RECORDS PROVIDED:
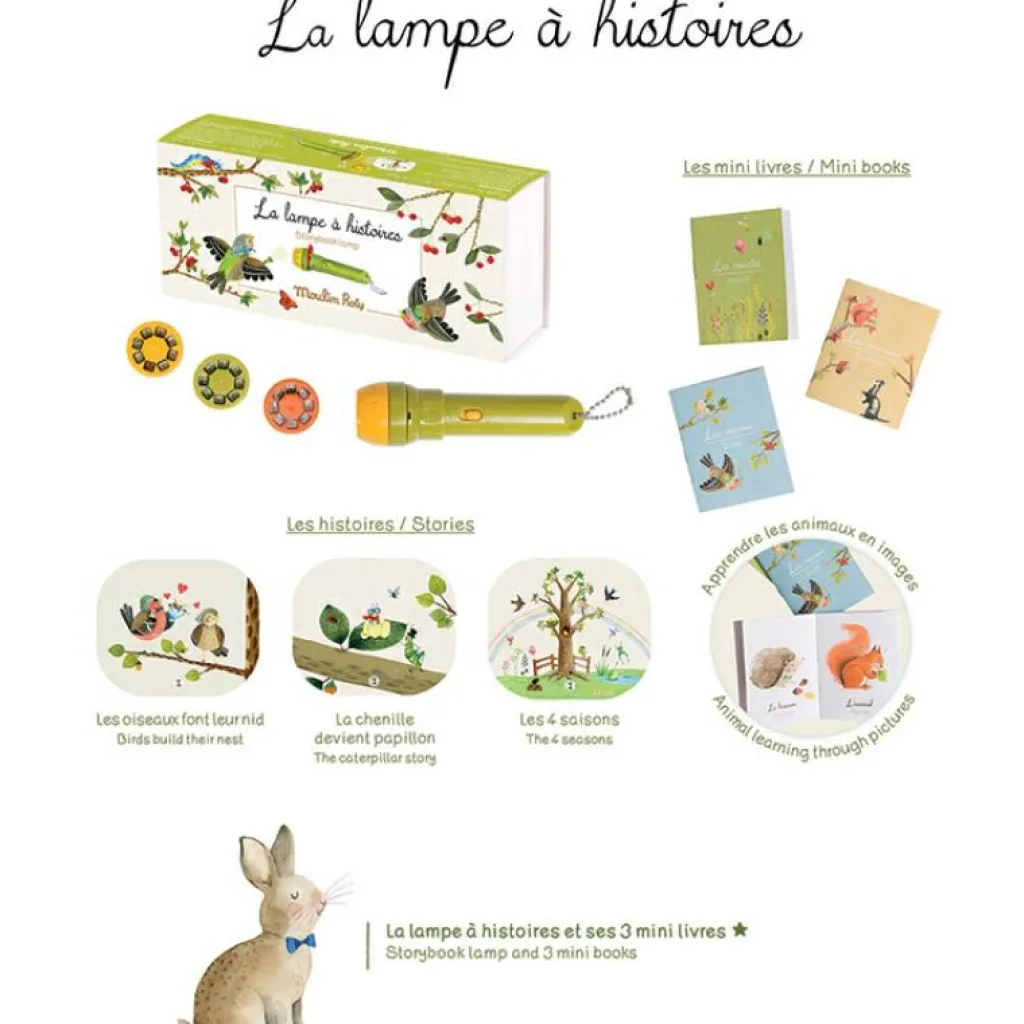 Sale Lampe à histoires Le Jardin du Moulin Lampe À Histoires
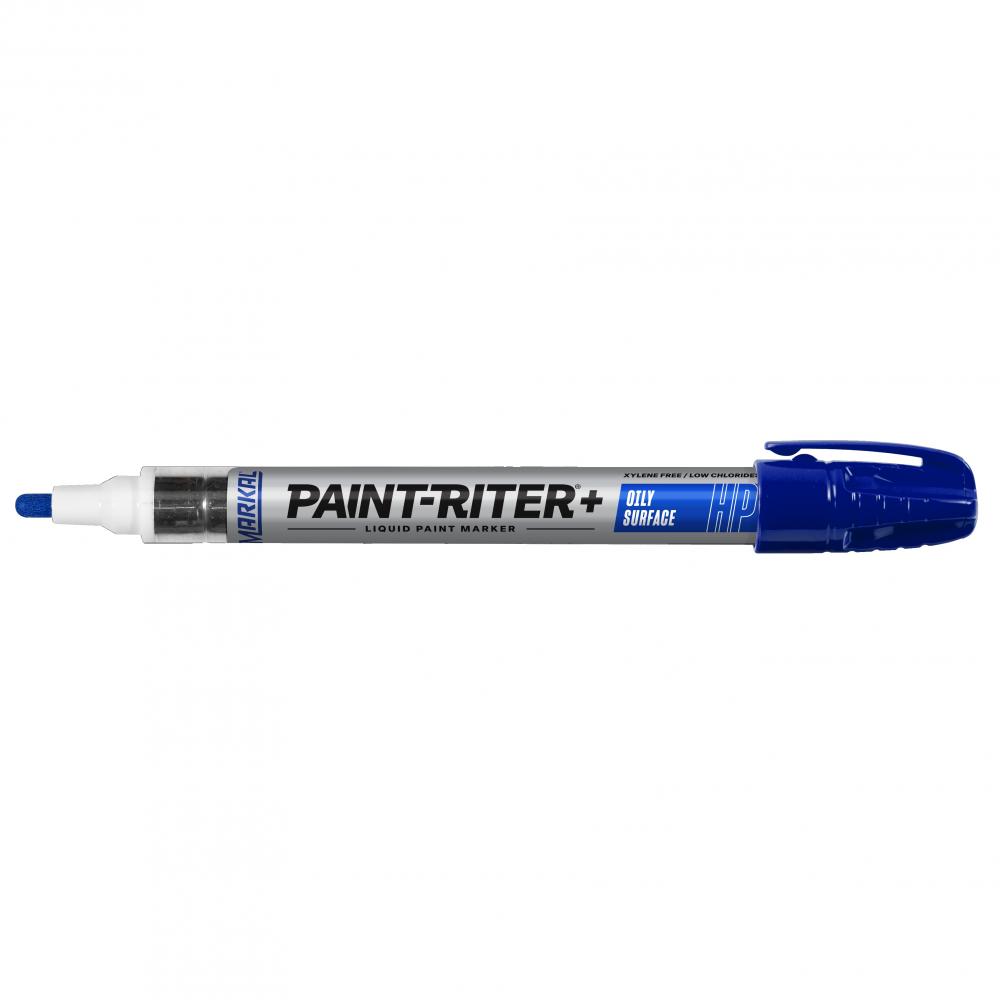 Paint-Riter®+ Oily Surface Liquid Paint Marker, Blue<span class=' ItemWarning' style='display:block;'>Item is usually in stock, but we&#39;ll be in touch if there&#39;s a problem<br /></span>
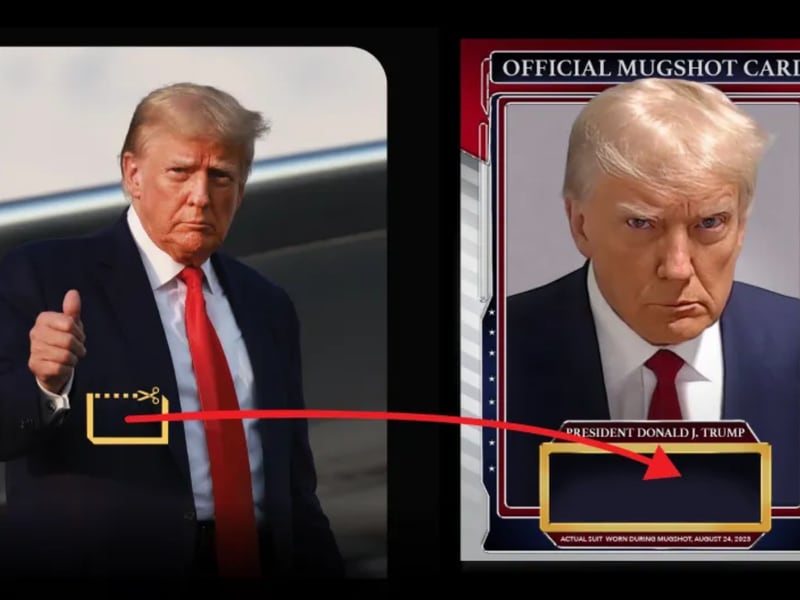 Donald Trump Unveils New ‘Mugshot’ NFTs, Stirring Up Prices for His Previous NFTs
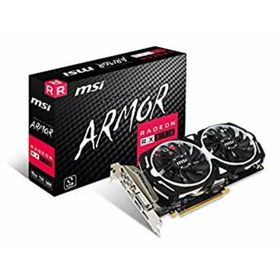 MSI Radeon RX 570 ARMOR 8G J グラフィックスボード VD7195(PCパーツ)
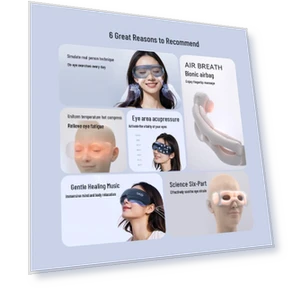 Smart Eye Massager — Rollers & Pens, SKG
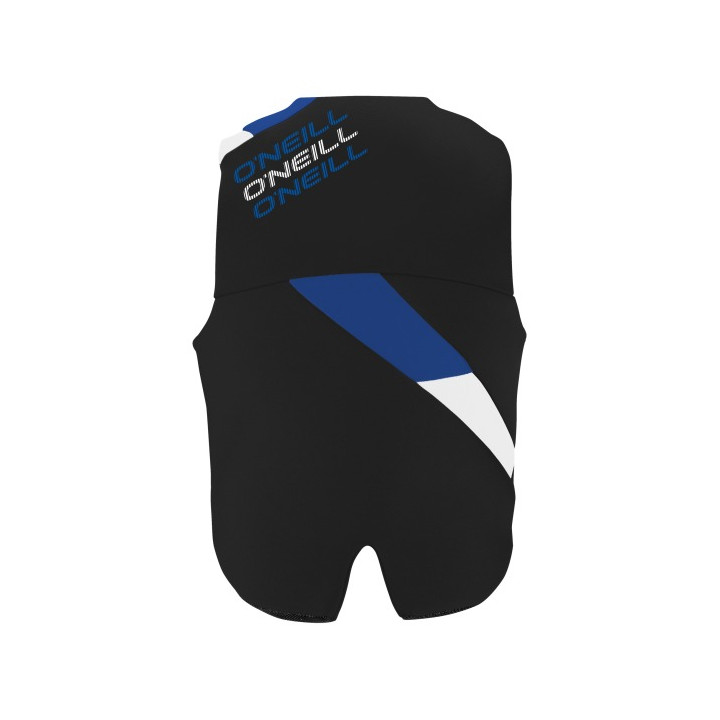 Youth Impact/buoyancy vest O'Neill Reactor ISO 50N Black/White/Pacific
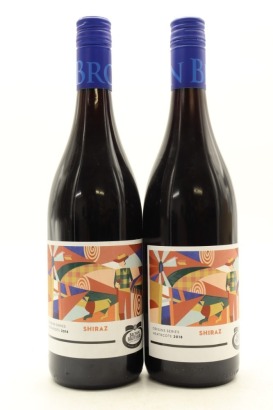 (2) 2018 Brown Brothers Origins Series Shiraz, Heathcote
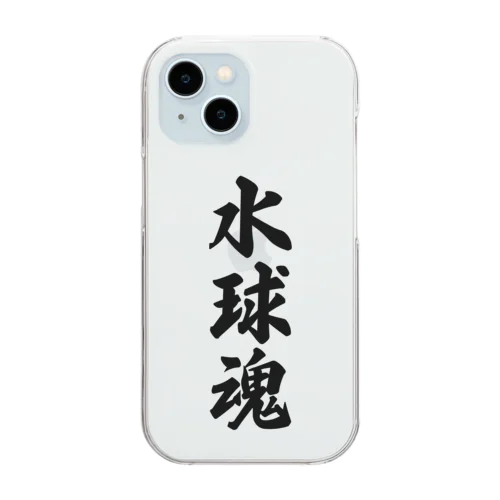 水球魂 Clear Smartphone Case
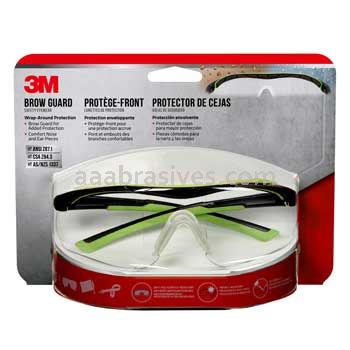 3M™ 7100099950 Performance Safety Eyewear Sports Inspired Design 47100-WZ4 Clear Anti-Fog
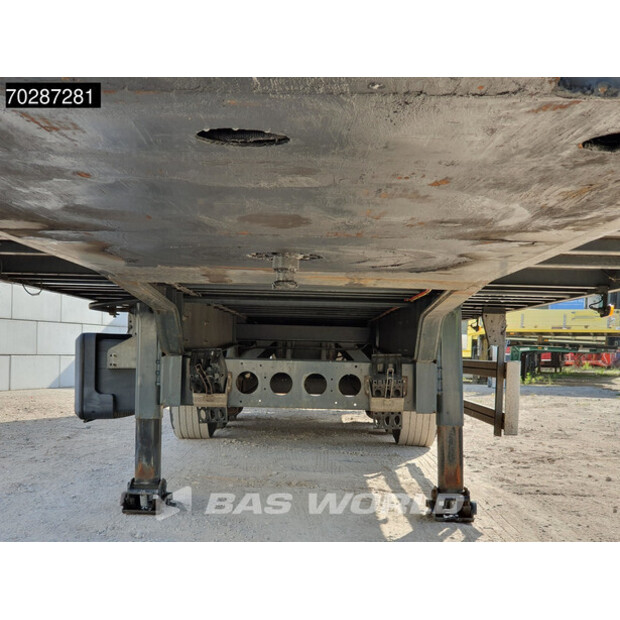 2018 Lecitrailer SR 3ESS Liftachse Rolltor-41438504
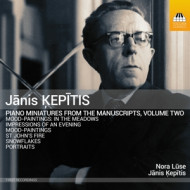 PIANO MINIATURES FROM THE MANUSCRIPTS VOLUME TWO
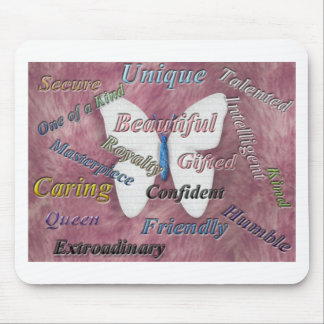 Inspirational Quotes Mouse Pad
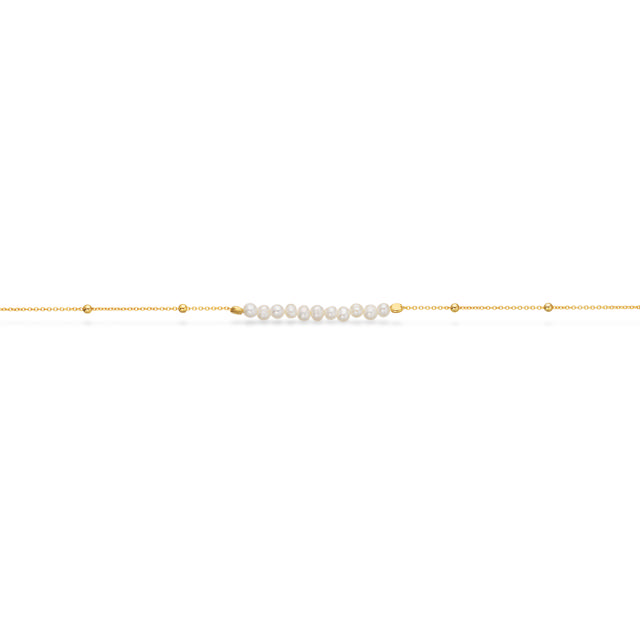 Bracelet fkp. 925 goldplated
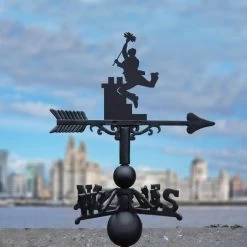 Weathervane Chimney Sweep -Garden Supply Discount Store ukbic098 chimney sweep weathervane bcmw 4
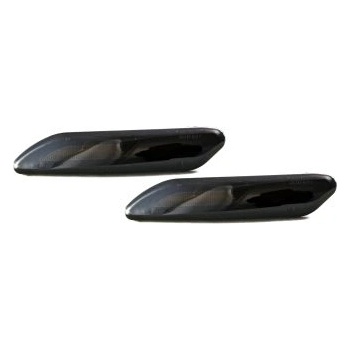 Диодни мигачи за калник за Mini Cooper R60, R61 (2012-2017) - опушени с бягащ мигач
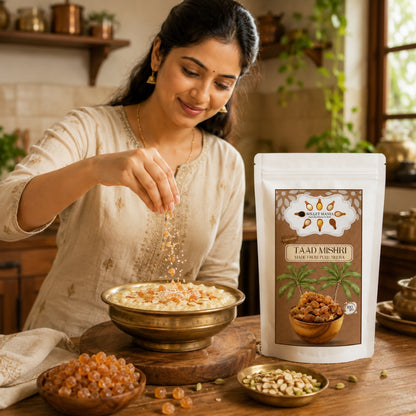 Organic Taad Mishri (Palm Candy)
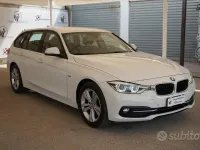 Usata BMW 316 Sport Line 116 CV (85 kW) 2016 Bianco Station wagon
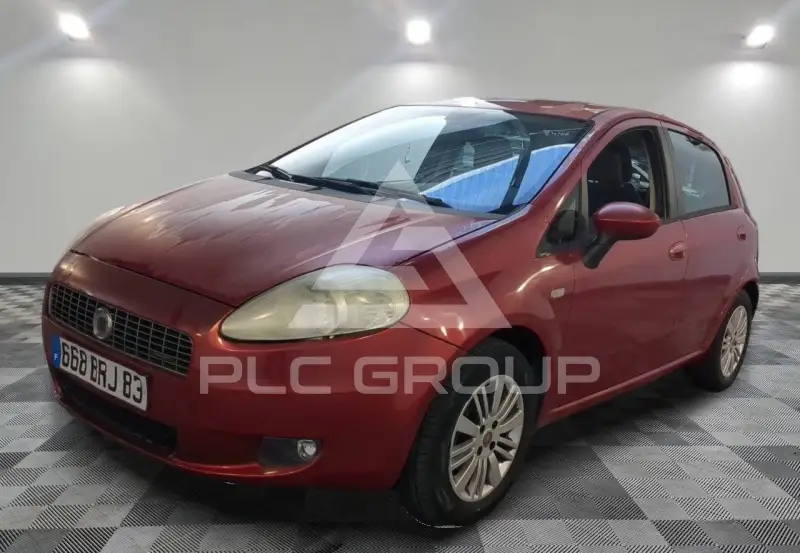 2008 Fiat Punto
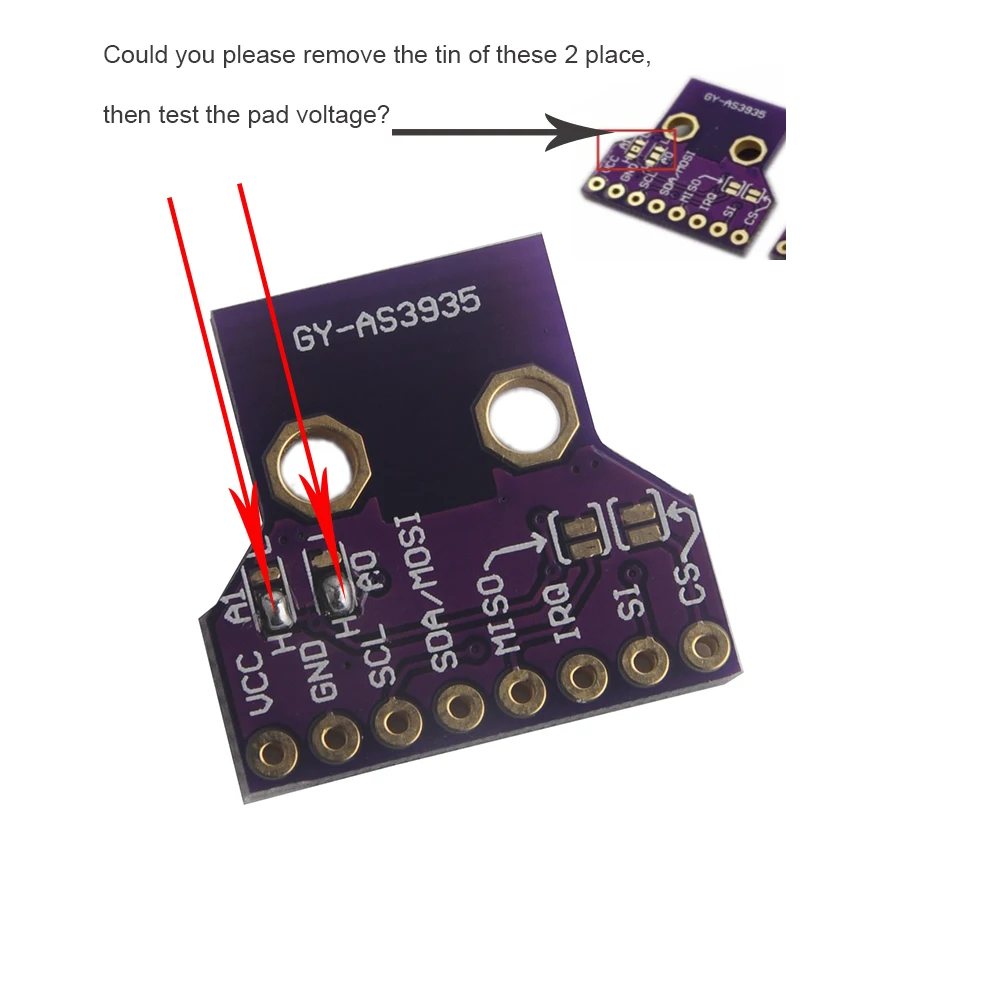 GY-AS3935 雷検知センサーモジュール、デジタル雷警報 - Sensor Kit Arduino のレビューと価格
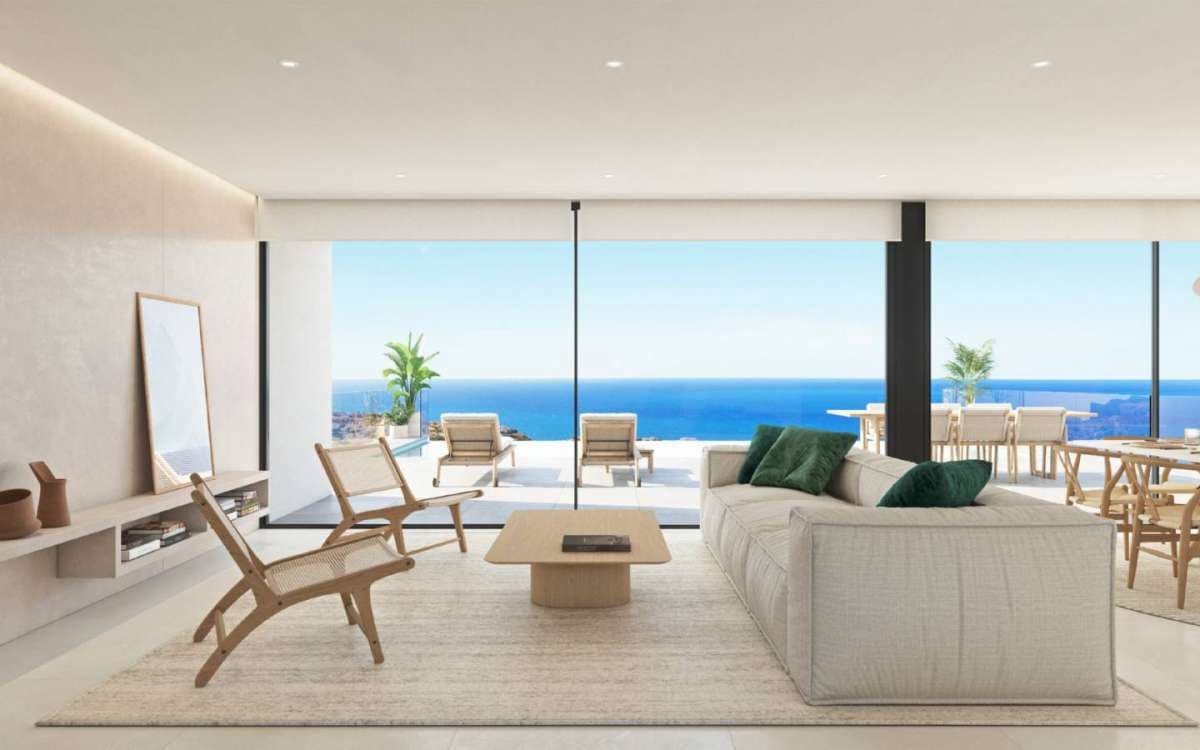 Chalet de 3 habitaciones en Benitachell / Benitatxell en venta con piscina garaje - 2.249.000 € (Ref: 9943134)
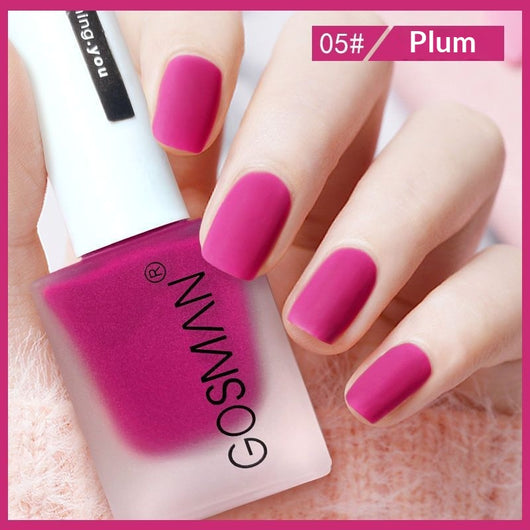 Esmalte de Uñas Secado Rápido Acabado Mate - Larga Duración - Image 5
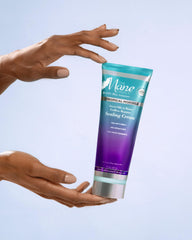 The Mane Choice bottle on shelf signals a premium, sulfate-free option for healthy curls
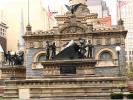 The Mortar Statue, Soldiers and Sailors Monument, memorial, soldiers, statue, downtown Cleveland, CLOD01_176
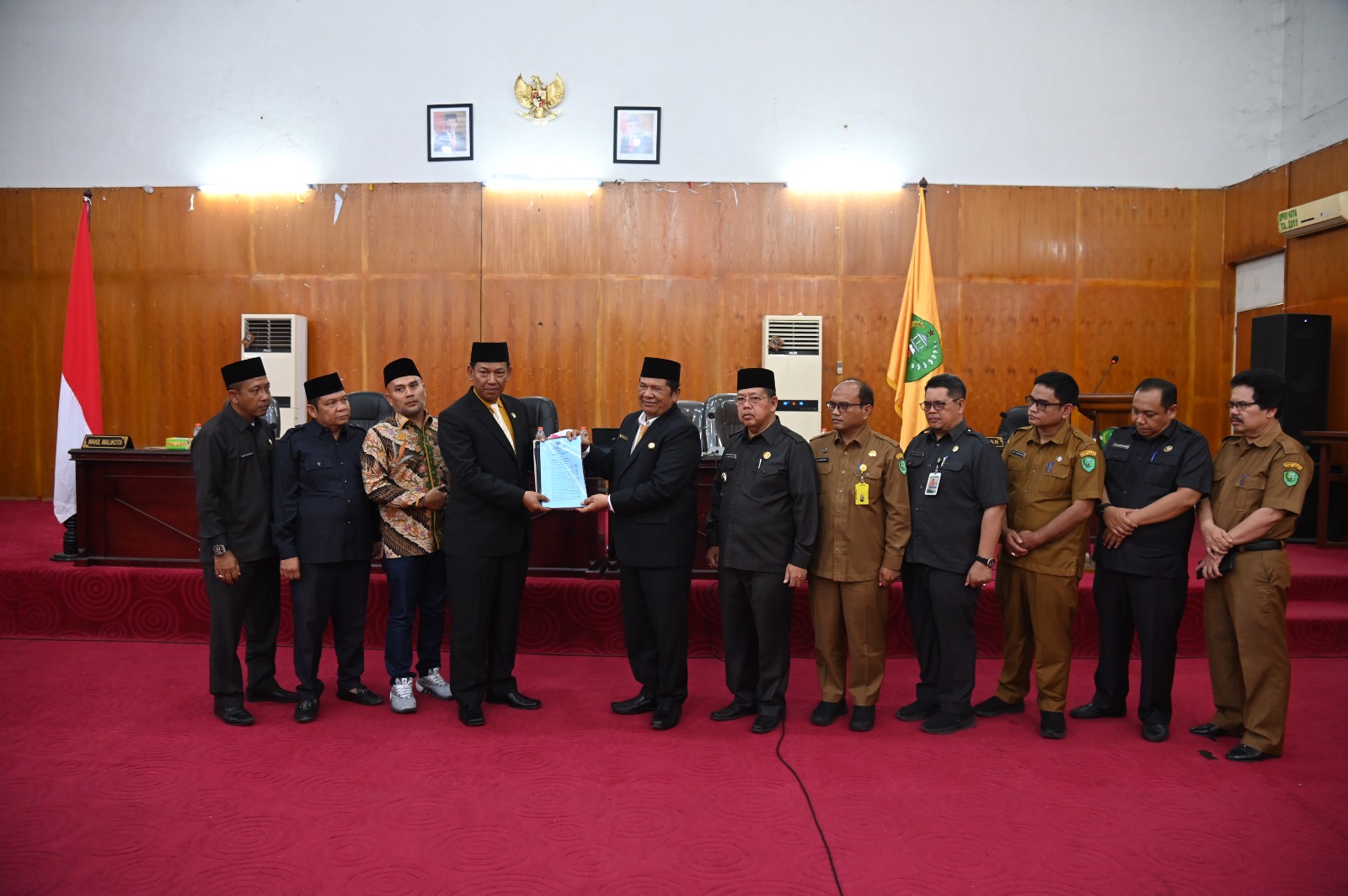 Wako Irsan Sampaikan LKPJ tahun 2022 & Ranperda Tentang Pengelolaan Keuangan Daerah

YOUR ASSIGNMENT: Repeat each line of the listing word for word, from the first through the line that contains "Smart Eye Massager — Rollers & Pens, SKG". Any picture stays out.

YOUR RESPONSE:
 Sale Lampe à histoires Le Jardin du Moulin Lampe À Histoires
 Paint-Riter®+ Oily Surface Liquid Paint Marker, Blue<span class=' ItemWarning' style='display:block;'>Item is usually in stock, but we&#39;ll be in touch if there&#39;s a problem<br /></span>
 Donald Trump Unveils New ‘Mugshot’ NFTs, Stirring Up Prices for His Previous NFTs
 MSI Radeon RX 570 ARMOR 8G J グラフィックスボード VD7195(PCパーツ)
 Smart Eye Massager — Rollers & Pens, SKG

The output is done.